The Wooden Bench
Mar 22, 2026
Back in 2004, I went through one of the most difficult seasons of my life. I struggled deeply, briefly stepped away from college, and found myself praying constantly but feeling like my prayers went unanswered for years. I never stopped believing in God, but I began to wonder if He was really there.
In July of 2022, when I first started working with my coach, he talked to me about paying attention to signs. Around that time, my youngest daughter had drawn several pictures with huge bubble letters that said, “In God We Trust.” She didn’t just draw it once; she made four different versions. My coach told me that message was for me. I remember feeling taken aback, but from that moment on, I started paying close attention.

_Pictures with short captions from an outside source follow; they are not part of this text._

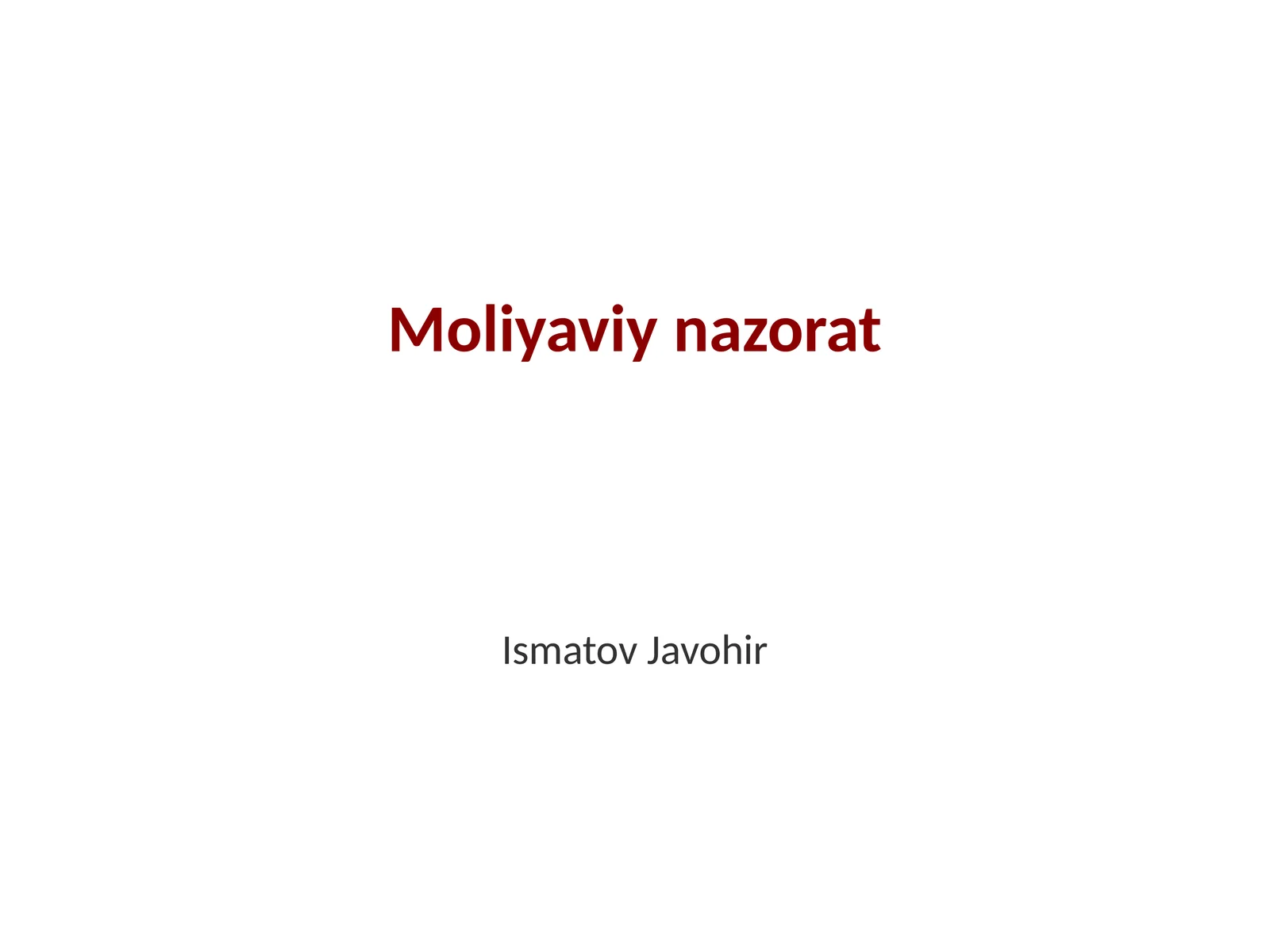 Moliyaviy nazorat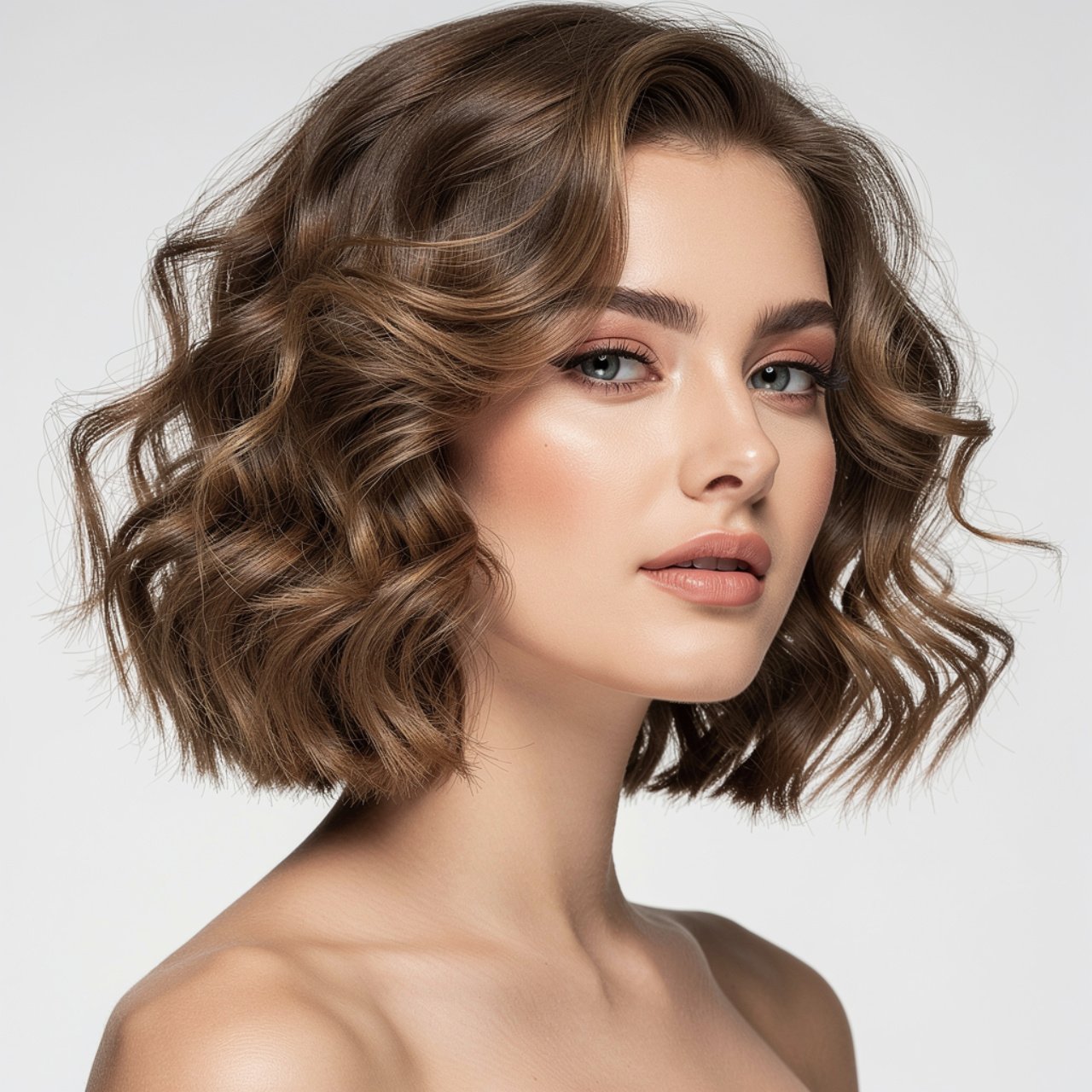 soft curly lob hairstyle for short hair elegant sh
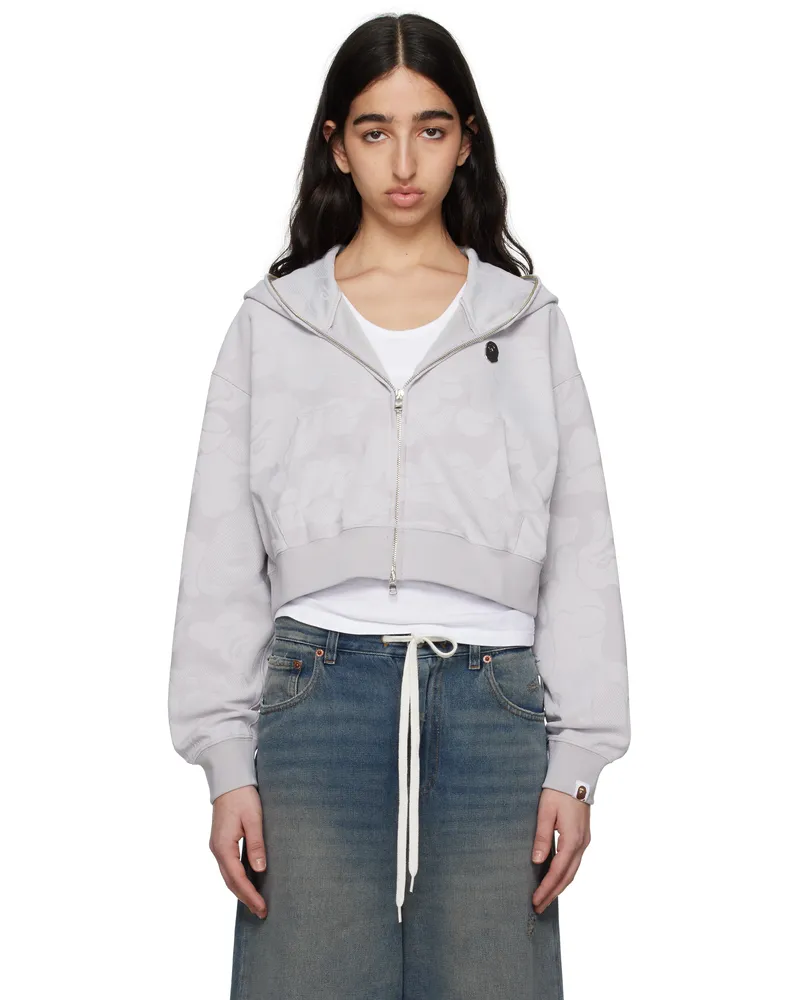 BAPE Gray Solid Camo Jacquard One Point Cropped Zip Hoodie Gray
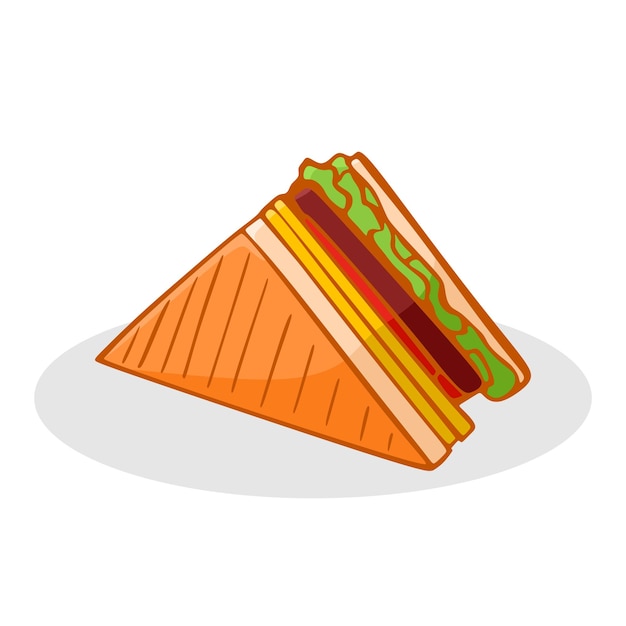 Vector simple illustration of a delicious sandwich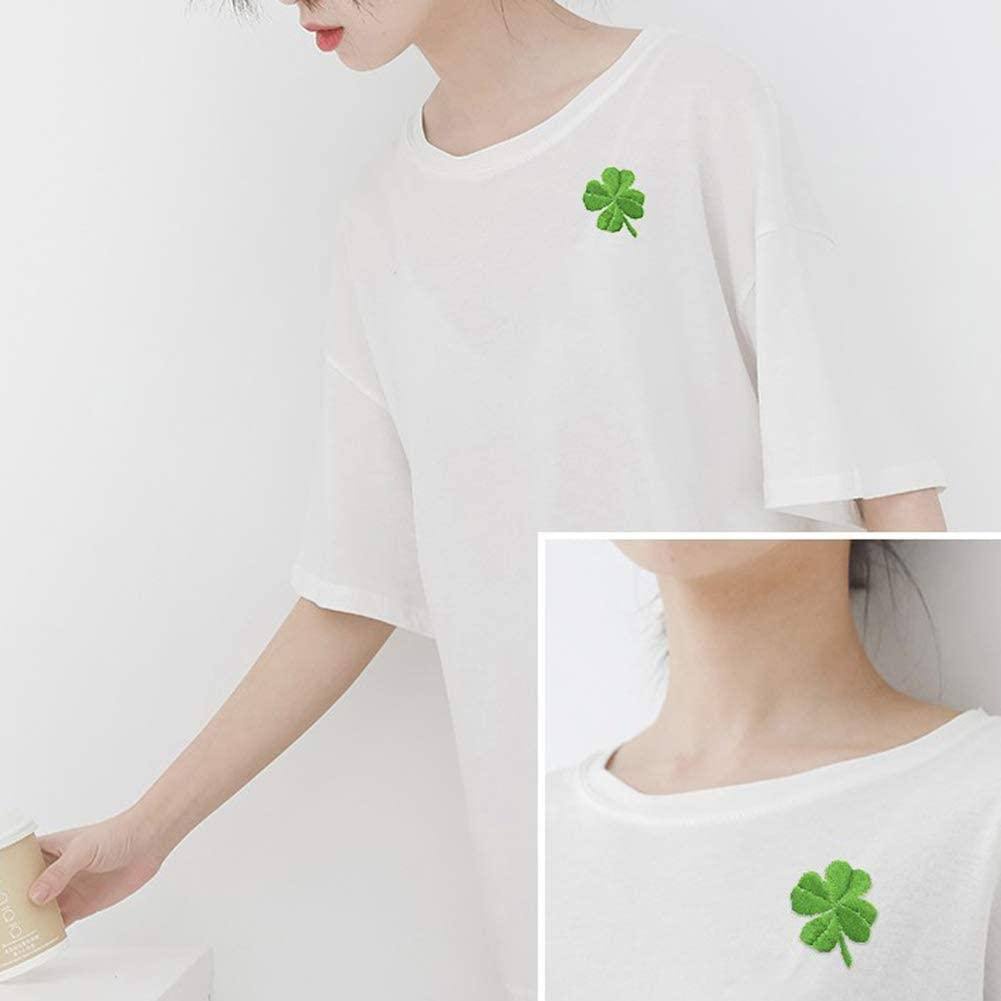 Sticker ủi nhiệt thêu hình logo hình cỏ 4 lá dễ thương cute độc đáo - Patch ủi quần áo balo H164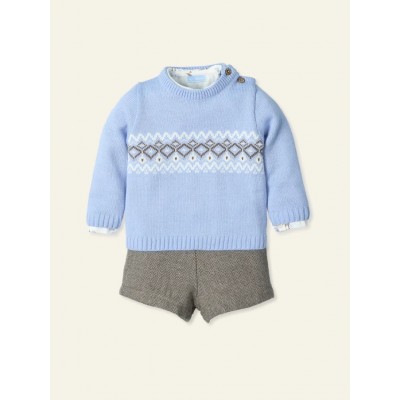 COMPLETO MAGLIONCINO CIELO, CAMICIA FANTASY E PANTALONCINO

As part of my coaching, I did a regression session. During my session, my coach asked me what I wanted to sit on before starting. Without thinking much about it, I said a wooden bench.
In the call, there was a presence. A shadowy figure that would not show its face.
I did my regression on a Friday afternoon while my girls were at their dad’s house for the weekend. I didn’t share with anyone what came up nor did I analyze it yet...that was for my follow-up with my coach. They did not return until Monday after school. The following Tuesday night, around 9 p.m., my oldest daughter called me into her room, she had drawn me a picture and wanted to show me. I walked in, and my eyes immediately went to an image she drew. I asked her if she had drawn a boat.
She replied, “No mom, it’s a wooden bench.”
It wasn’t just the bench. She had drawn what showed up in my regression session. The bench was there along with a message that stopped me in my tracks.
I immediately asked her where she got the idea, and she looked at me and said, “It just came to me and I drew it.”
In that moment, I knew I wasn’t walking through life by myself.
Since then, I’ve realized that even in seasons that feel uncertain or hard, signs of hope and understanding often show up quietly, in ways we might not notice at first. If we stay open those lessons and moments often appear when we least expect them.
Encouragement does not always arrive in obvious ways. Sometimes it shows up quietly…a conversation, a song, a note, a reminder, or even your child’s drawing. Whether you follow a faith, are questioning it, or do not believe, I hope my story reminds you that when you cannot see it yet, something may still be unfolding.
Sometimes the answers don’t arrive loudly...they show up quietly in moments we almost miss.